The movie follows a familiar formula: boy makes wager he can snag girl for nefarious purposes, then falls in love with her while the clock ticks down to the revelation of his lousy deed and his inevitable redemption. But rather than taking the traditional romantic comedy route, Remember Me is all about the melodrama. Instead of having the usual Manhattan magazine or fashion jobs, Tyler and his girl Ally (Lost's Emilie de Ravin) are college kids mired in misfortune. They are just 21 but have been through the wringer.
Tyler's older brother Michael, a sensitive musician, committed suicide on his own 22nd birthday; in Tyler's mind, it was all the fault of his father Charles (Pierce Brosnan) for pressuring Michael into joining his white shoe law firm. It seems unlikely that the drudgery of paralegal work actually pushed Michael over the edge, but we have plenty more evidence that Charles is an awful father. His refusal to pay any attention to Tyler's little sister Caroline (Ruby Jerins) seems pathological, especially since she is, like Tyler, straight out of Salinger: wise beyond her years, talented and soulful. Thankfully, the Hawkins' parents are divorced and Caroline lives in a warm, privileged bohemian household with their mother (Lena Olin) and stepfather. She can also rely on Tyler to pick her up from school.
Poor Ally watched her mother murdered on a subway platform by muggers ten years ago. Remember Me opens with this scene, and despite itself it's shot in that sort of bleached, sepia light that annoyingly suggests significance it gets you. Ally's mother is played by Martha Plimpton, and though she has virtually no lines, her body language and eyes speak volumes. Plimpton is a nice physical match as well; her features link up nicely with those of de Ravin, all cleaned up here from her role on Lost and exuding a soft, sunshiny glow. The resemblance helps us appreciate the obvious psychic weight on Ally's father (Chris Cooper), a weary policeman who drives her everywhere so she doesn't have to take the subway.

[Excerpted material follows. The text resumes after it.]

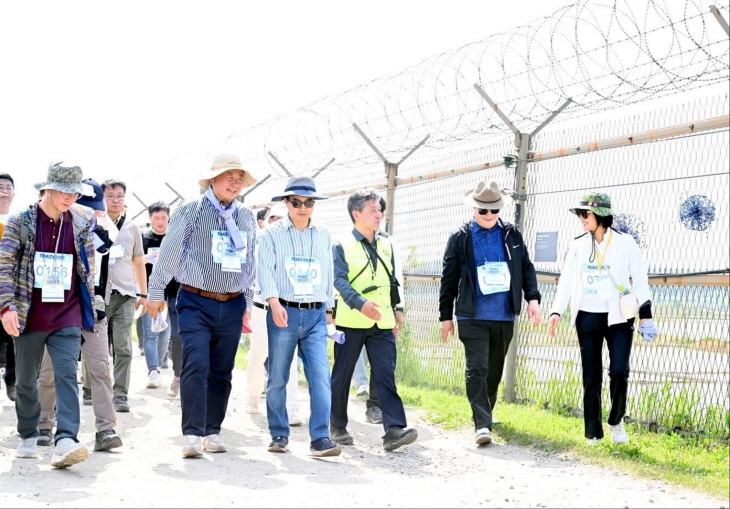 파주시 20일 정전협정 70주년 DMZ 평화걷기 개최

He's also cynical and angry enough to break up a bar fight, let the bad guys go, and beat up the mouthy kid who demands justice. That would be Tyler. Hence the motivation for dating Ally: a revenge scenario devised by his roommate Aidan (Tate Ellington), the kind of wisecracking, sleazy oaf that always hangs around the hero in romantic comedies. Of all the tired, unrealistic means the movies use to get characters together, this ploy is the worst. I would rather be forced to swallow the notion of Tyler and Ally meeting through sheer coincidence than watch this unfold.
Yet the movie manages to avoid gagging us with a spoon largely because Pattinson and de Ravin are so lovely together. They are wounded cutie-pies and nice kids, and when they are making soft-lit love in Tyler's scummy apartment, you can almost forget your doubts over whether Tyler has ever washed his sheets or scrubbed his tub. You just want all the secrets to be revealed, the mean daddies to loosen up and everybody to go over to Lena Olin's brownstone for a nice organic dinner.
But Remember Me takes itself more seriously than that. It's concerned with human connections, with the art of grieving, with fate. Big picture stuff. Like the possibility, say, that you could be riding on a train with your boyfriend and the same guy who killed your mother might glower at you from a corner. Or worse. The final twist of Will Fetters' screenplay has already been revealed in some reviews (there are small clues in the film, but it is obvious only if you, like critics, see too many movies). It won't be here, although I see the temptation; it's challenging to accurately assess Remember Me's merits without discussing whether the end is grossly manipulative or fair use of wrenching emotional material. I'll say this: if I had a daughter of impressionable age, I'd rather have her weeping over this mildly tasteless romance than the nonsense of Twilight.